## Task goal
Span requested from the data below: the line with "Inauguração da Casa" through the line with "Kit de pintura", both included. Give only these lines again, exactly, and leave every picture out.

## Task material
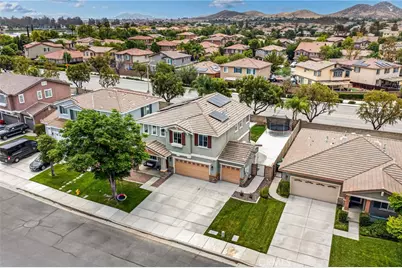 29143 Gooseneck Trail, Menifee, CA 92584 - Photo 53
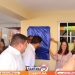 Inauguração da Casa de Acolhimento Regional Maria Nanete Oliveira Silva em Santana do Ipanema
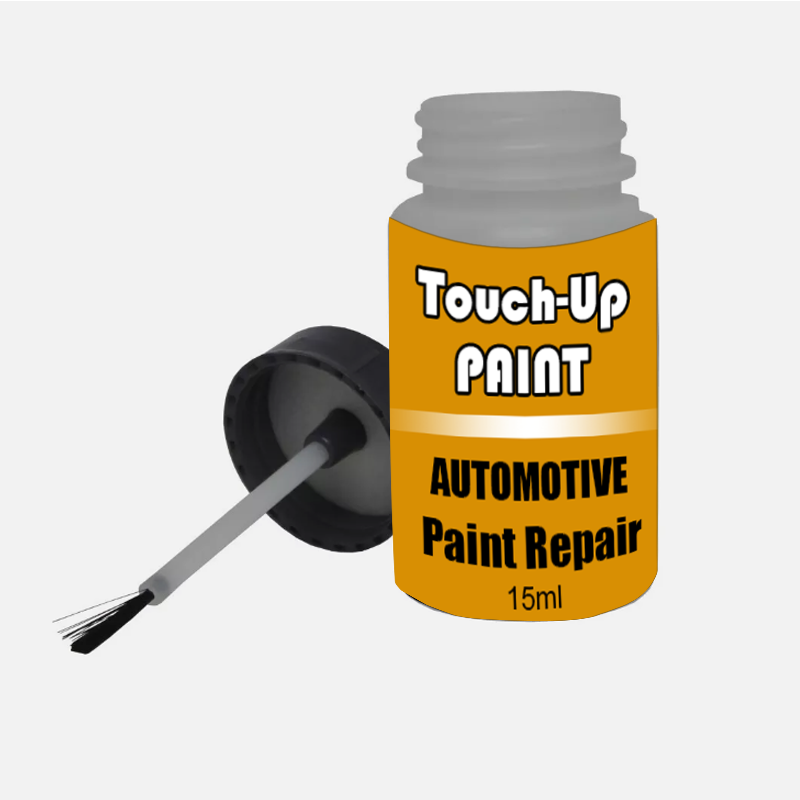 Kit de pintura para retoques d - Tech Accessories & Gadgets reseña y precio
...
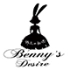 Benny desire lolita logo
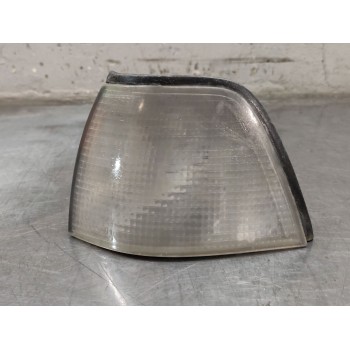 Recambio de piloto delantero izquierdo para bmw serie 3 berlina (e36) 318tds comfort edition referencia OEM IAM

## Reply to the exercise
 Inauguração da Casa de Acolhimento Regional Maria Nanete Oliveira Silva em Santana do Ipanema
 Kit de pintura para retoques d - Tech Accessories & Gadgets reseña y precio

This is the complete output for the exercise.